Si legge nel rapporto di Amnesty international intitolato “I condannati”: «A migliaia, donne e bambini iracheni con supposti legami con l’Is sono condannati per crimini che non hanno commesso. Sono marchiati come “famiglie dell’Is”. Cibo, acqua e assistenza sanitaria sono loro negati», così come l’ottenimento di carte d’identità e certificati di ogni genere diventa per loro più farraginoso e lento. Ne consegue che movimenti, ricerca di un impiego per i maggiorenni o inserimento a scuola per i piccoli risultano impossibili in assenza di documenti ufficiali. Imprigionati nei campi, isolati rispetto agli altri profughi che li detestano, gli sfollati “condannati” ancor prima di essere processati sono spesso vittime di violenze e abusi da parte dei soldati stessi.

Ma che cosa rende un nucleo famigliare colpevole? Esistono infinite sfumature di collusione per i sopravvissuti all’occupazione del Daesh di Mosul, Ramadi, Tal Afar e altri centri urbani iracheni: in sintesi, chi ha un congiunto che si è arruolato – o è stato arruolato a forza – fra i jihadisti è segnato per sempre. Per “arruolati” si intendono anche impiegati amministrativi, cuochi, operai. Chiunque abbia lavorato a stretto contatto con combattenti e gerarchia del Califfato dal 2014 in poi, benché non abbia imbracciato le armi, è compromesso. «Anche il fatto di aver vissuto in quartieri controllati da Is è sufficiente», si legge nel rapporto di Amnesty. Fra le donne irachene obbligate a sposare miliziani del Daesh e ora libere dai loro mariti-tiranni, incarcerati, si moltiplicano le richieste di divorzio o annullamento del matrimonio, riferiscono i media arabi. Ma le autorità irachene non sanno come comportarsi, nel timore che ne approfittino anche quelle che non hanno affatto rinnegato il jihad.
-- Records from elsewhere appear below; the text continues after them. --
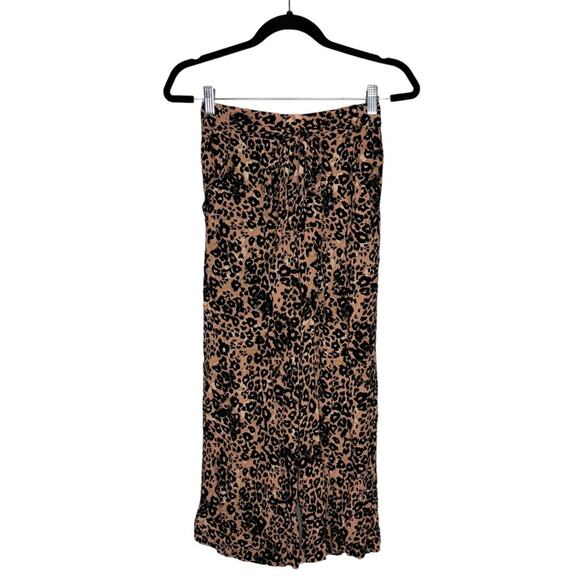Wilfred Aritzia Faun Pant Leopard Print - Picture 1 of 8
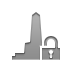monument,lock,open icon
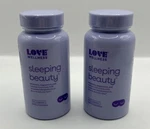 Two Bottles, Love Wellness Sleeping Beauty - 60 Capsules Expires 09/2027 New. Price: $14.39.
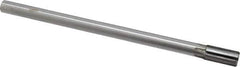 Made in USA - 1/2" Diam, 7/16" Max Diam Straight Shank, 1" Flute Length, Machine Expansion Reamer - Straight Flute, 8" OAL, Right Hand Cut, 6 Flutes, Carbide-Tipped, Bright Finish - Eagle Tool & Supply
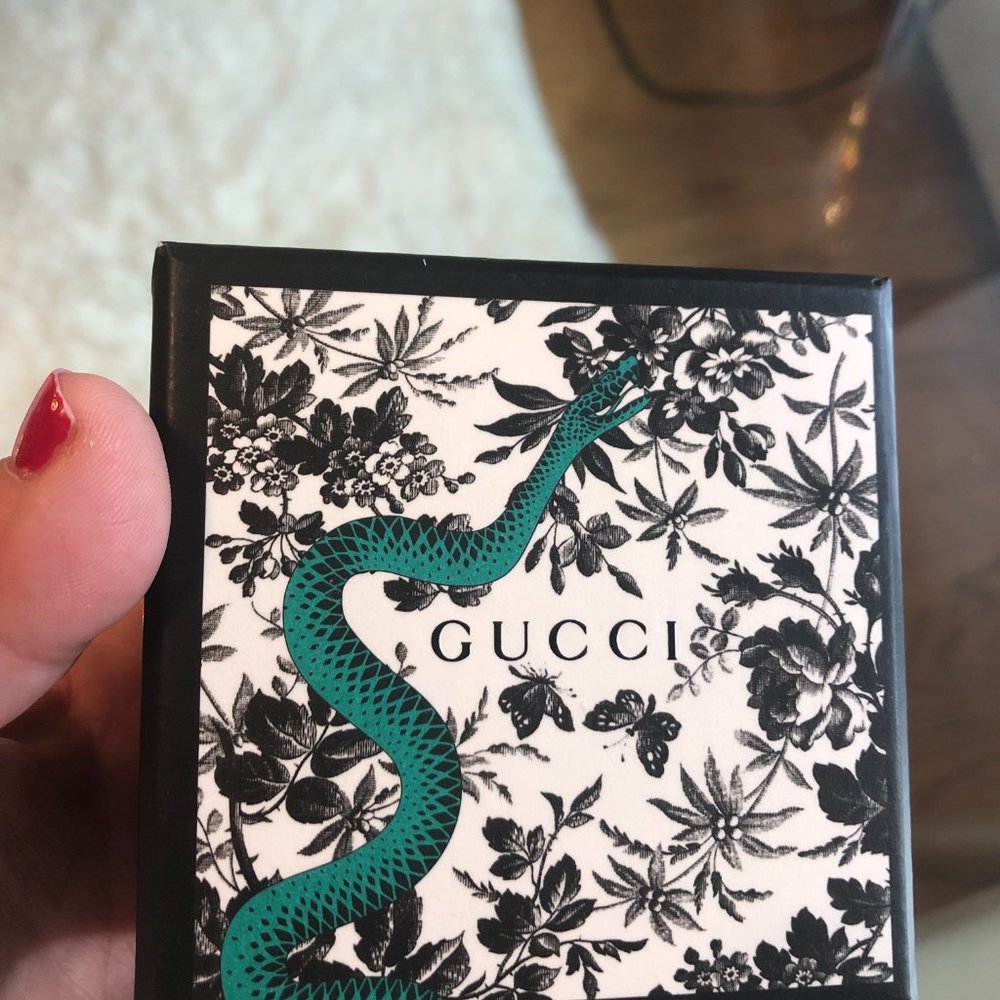 Gucci Crystal Double G Ring in Silver NEW IN BOX - Picture 5 of 5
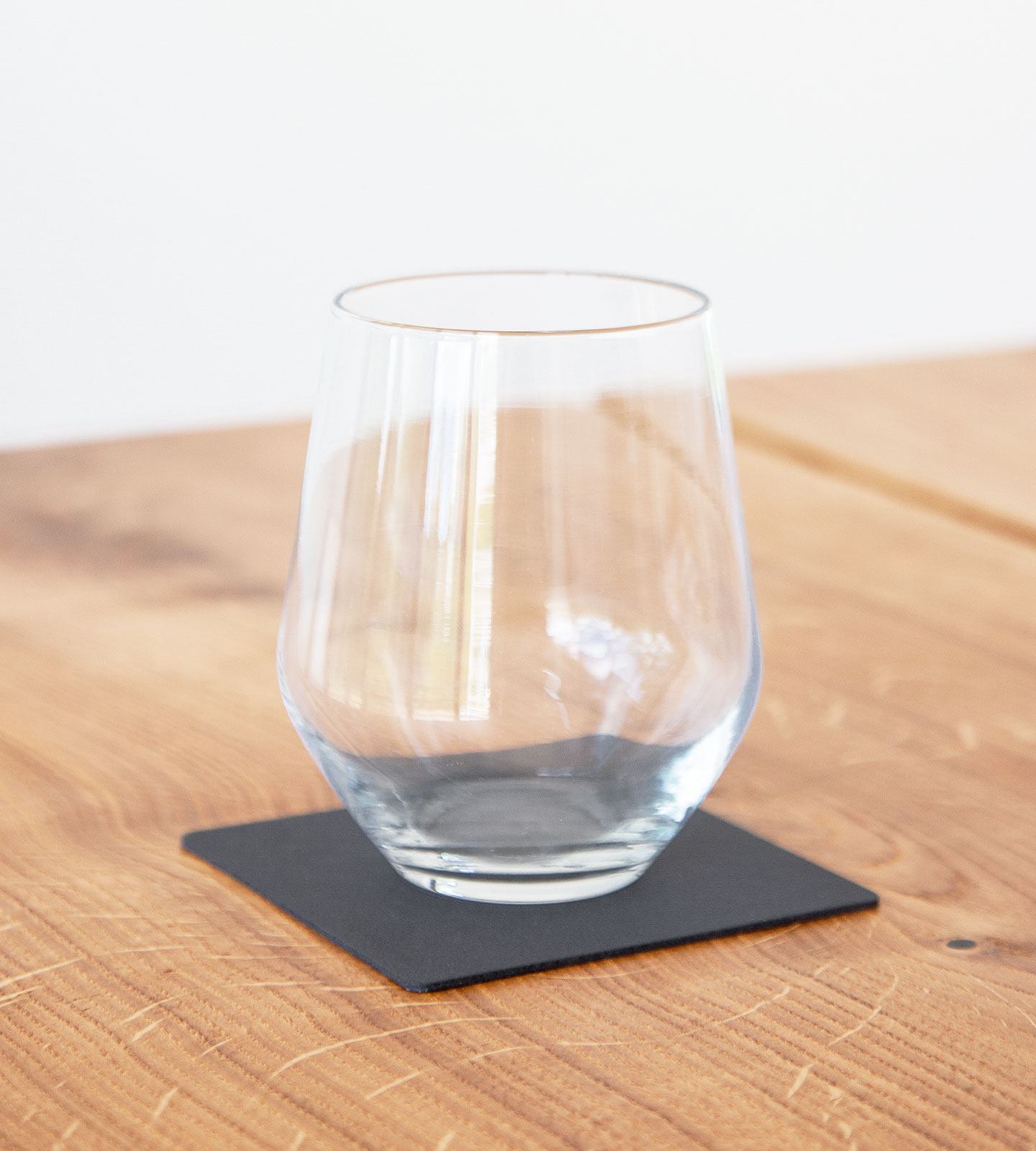 Lind DNA Dänemark Glasuntersetzer Square 10x10cm Nupo anthrazit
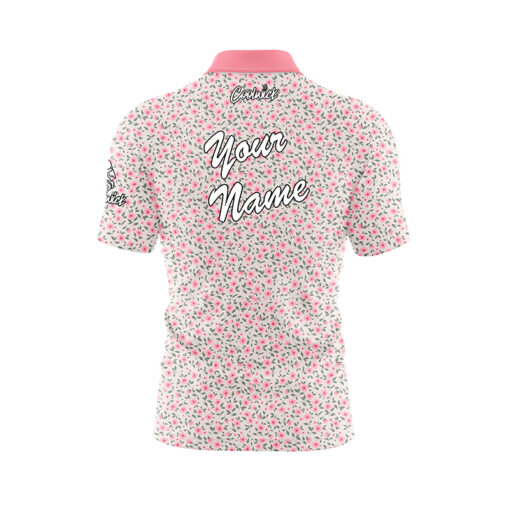 Pink Azaleas Ultra Fast Track CoolWick Bowling Jersey - Image 3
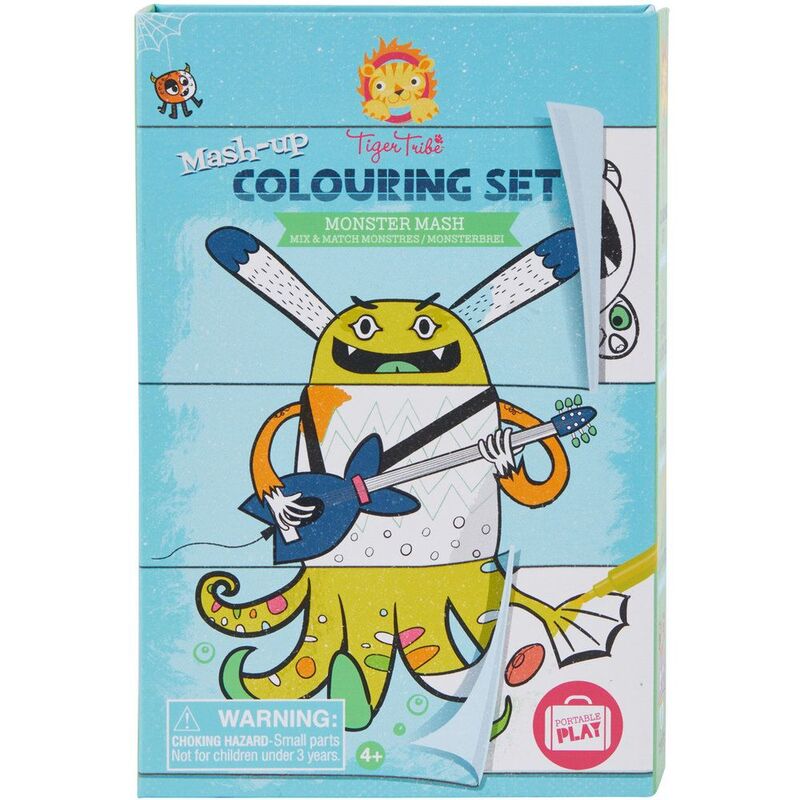 Tiger Tribe Coloring Set - Monster Mash Tiger Tribe Coloring Set - Monster Mash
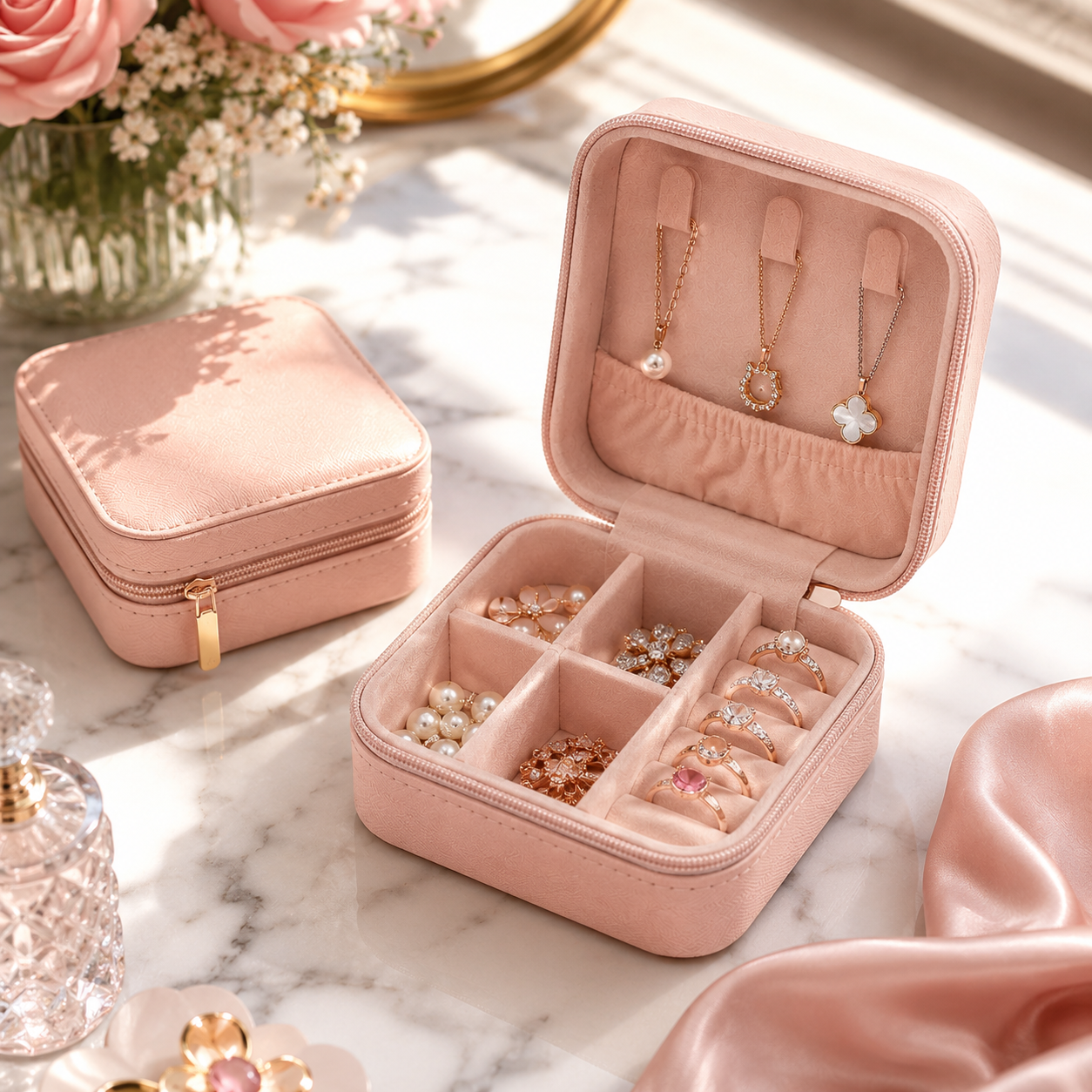 Small Portable Jewelry Bag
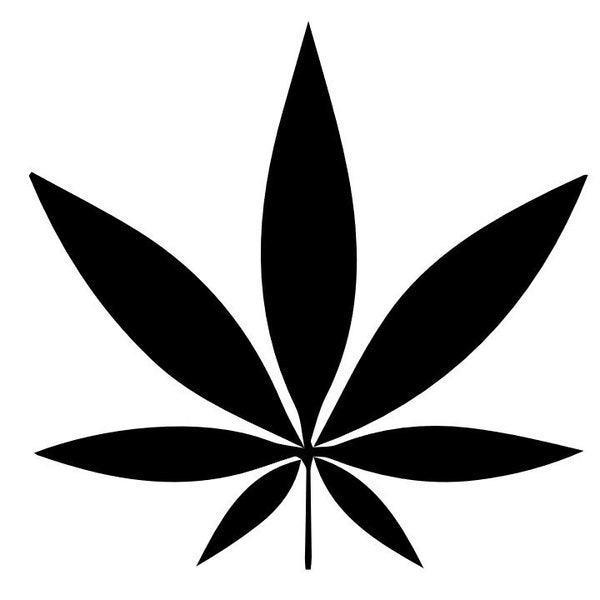 Cannabis 01 | Signs & symbols | Digital Download svg, png, eps, dxf, jpg
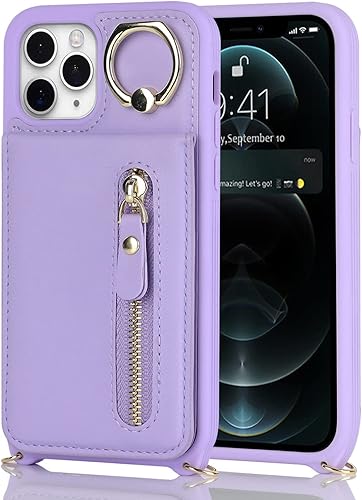 Miniatura 9 de Funda para iPhone 11 Pro Max con tarjetero para mujer, iPhone 11 Pro Max, con correa y ranuras para tarjetas de crédito, cruzado con cremallera y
Per quanto riguarda, invece, le mogli straniere di combattenti del Daesh e i loro bambini, il discorso è ancora più complesso. Un gruppo consistente di essi, formato da circa 1.400 civili, è sfollato in un campo profughi a Sud di Mosul, come riferito da Baghdad sul finire del 2017. Fra le donne straniere, la componente maggioritaria è turca; seguono quelle provenienti dalle ex repubbliche sovietiche (Tajikistan, Azerbaijan, Federazione Russa). Infine, in numero minore ci sono asiatiche ed europee. Queste ultime sono soprattutto francesi e tedesche.

Nelle ultime settimane, la giustizia irachena, d’intesa con Mosca, ha disposto l’estradizione di cittadine russe mogli di combattenti del Daesh insieme ai loro figli. Parigi, invece, preferisce che le francesi partite volontarie per gli scenari mediorientali siano processate in Siria ed Iraq: è il caso di jihadiste arrestate dalle forze curde in Siria settentrionale, di cui si è dibattuto in Francia all’inizio del 2018. E mentre a Berlino ci si interroga su come gestire i cittadini con passaporto tedesco di rientro da Siria e Iraq, appunto in massima parte donne e bambini di cui si sospetta la radicalizzazione, il quotidiano britannico The Daily Mail lancia un pesante allarme: mille «spose del Daesh» potrebbero rientrare nel Vecchio Continente nei prossimi mesi, in virtù di passaporti europei.

Allo stremo per un inanellarsi decennale di conflitti e aggressioni, l’Iraq stenta a darsi una visione giuridica unitaria in merito. Gli adulti dovrebbero essere processati da tribunali iracheni, anche se stranieri: questa è la filosofia che sta emergendo nel Paese mediorientale con il passare dei mesi. Quanto ai minori, il percorso della deradicalizzazione dovrebbe toccare ai differenti Paesi di origine. Tutti ugualmente inesperti di fronte a una sfida di proporzioni epocali.